__INPUT MATERIAL__
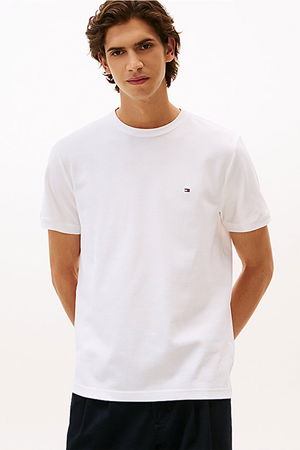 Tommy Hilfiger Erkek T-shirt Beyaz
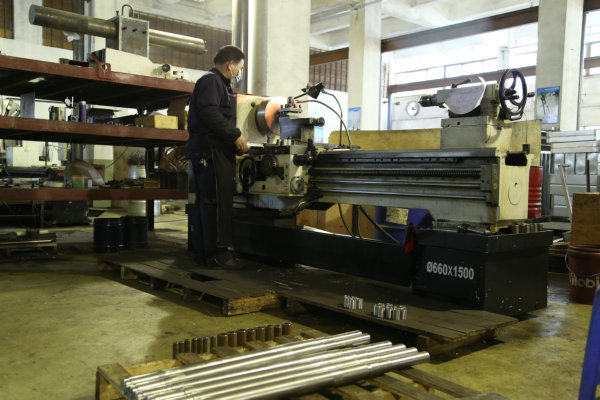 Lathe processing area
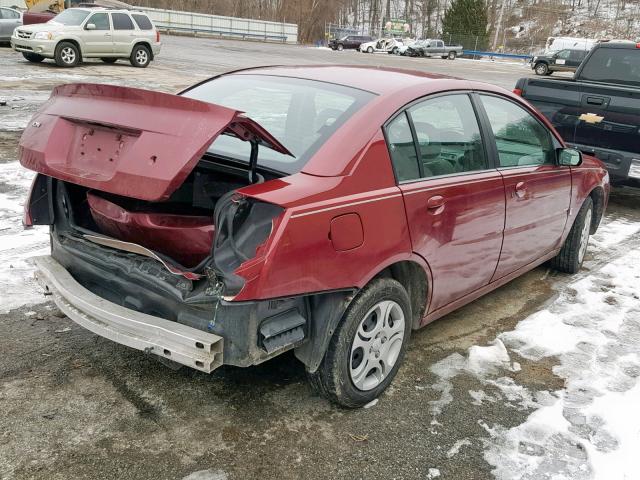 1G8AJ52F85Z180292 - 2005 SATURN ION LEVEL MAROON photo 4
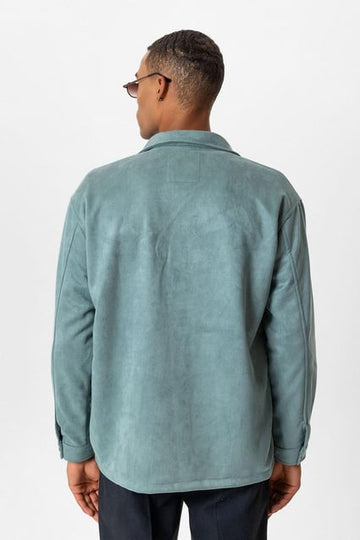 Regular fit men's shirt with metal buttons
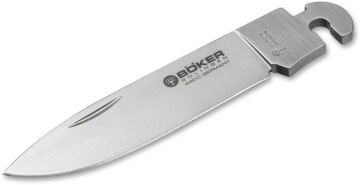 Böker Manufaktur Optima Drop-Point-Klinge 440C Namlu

__PROBLEM REQUIREMENTS__
Your answer should consist solely of the lines from the one holding "Lathe processing area" through the end of the listing, reproduced exactly and without pictures.

__ANSWER TO THE PROBLEM__
 Lathe processing area
 1G8AJ52F85Z180292 - 2005 SATURN ION LEVEL MAROON photo 4
 Regular fit men's shirt with metal buttons
 Böker Manufaktur Optima Drop-Point-Klinge 440C Namlu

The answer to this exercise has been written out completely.